07. Menerima Perjodohan

247 14 0
                                    

Perlahan kedua mata wanita tua itu terbuka. Ia dapat melihat orang-orang yang berkumpul di sekelilingnya. Ismi menyentuh kepalanya yang terasa pusing.

“Saya di mana?” tanya Ismi dengan menahan rasa sakit di kepala.

“Kamu ada di ruang tamu saya, Teh,” balas Ratna lembut, “bagimana keadaan Teteh? Perlu ke rumah sakit?”

Wanita yang berbaring di atas sofa panjang ini menggelengkan kepala, “Tidak usah! Saya sudagh baik-baik aja.”

“Bunda, maafin Fiza.” Gadis yang ada di samping Ismi dan menggenggam sebelah tangannya itu terlihat murung. Jejak air mata juga ada di pipi putrinya ini.

“Fiza,” gumam Ismi, perlahan ia tersenyum. “Bunda sudah memaafkan kamu. Bunda hanya ingin kamu menikah dengan Ilham. Cuma itu keinginan Bunda sebelum nyawa ini lepas dari raganya.”

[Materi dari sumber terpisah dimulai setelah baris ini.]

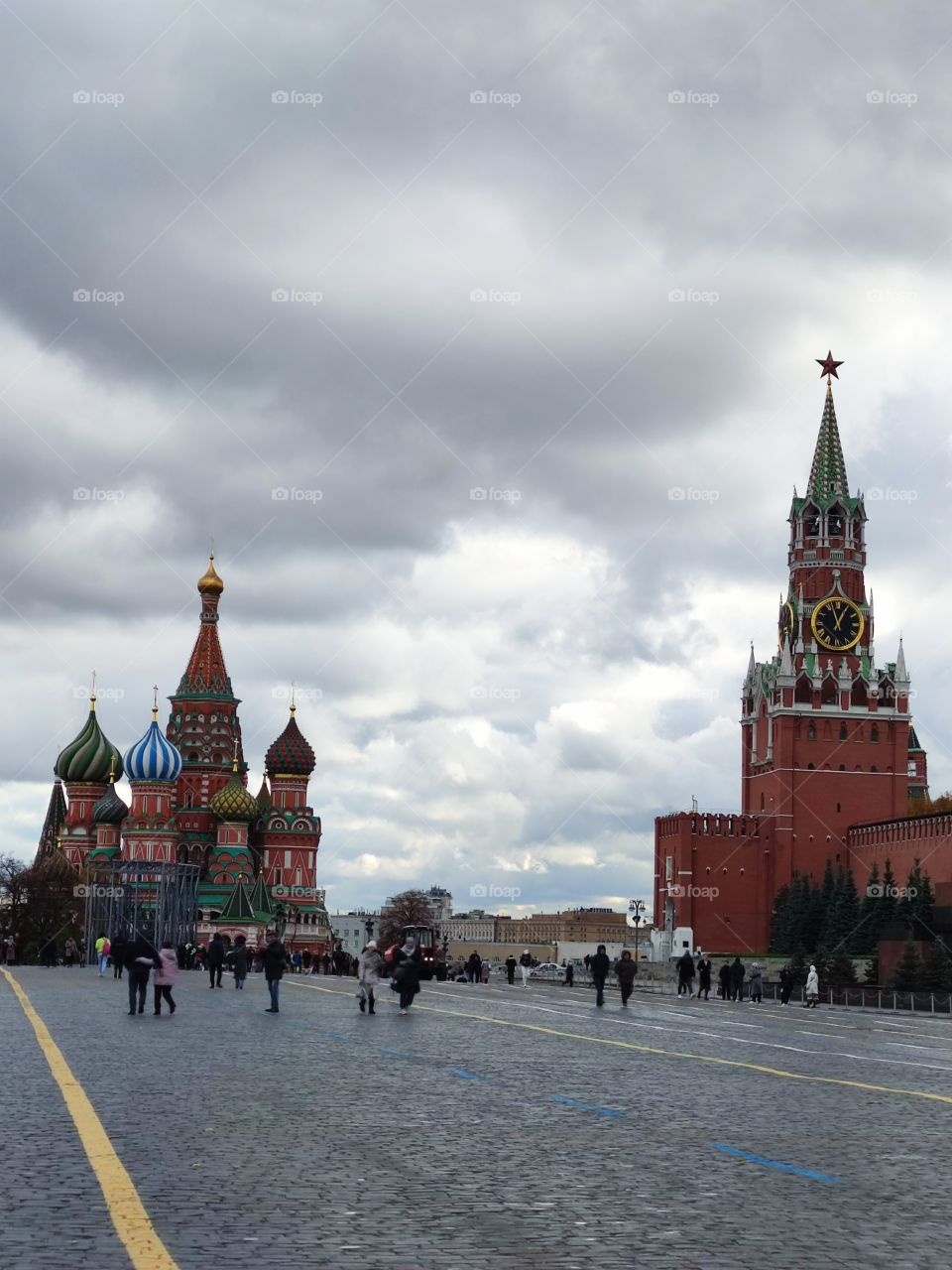 Moscow.  The Red Square.  St. Basil's Cathedral and the Spasskaya Tower with chimes.  Tourists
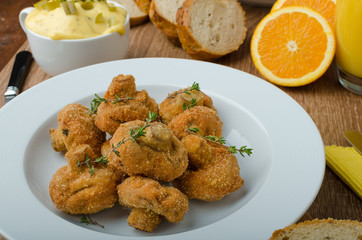 Breaded fried mushrooms with juice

Air mata Fiza menetes kembali, “Bunda jangan bilang seperti itu!” Perlahan Fiza menoleh dan pandangannya dengan Ilham bertemu.

Fiza kembali menatap sang bunda. Air matanya tambah deras mengalir dengan susah payah gadis ini menelan liurnya dan menganggukkan kepala.

“Iya, Bunda. Fiza mau menikah dengan Ilham,” balasnya dengan sesegukan.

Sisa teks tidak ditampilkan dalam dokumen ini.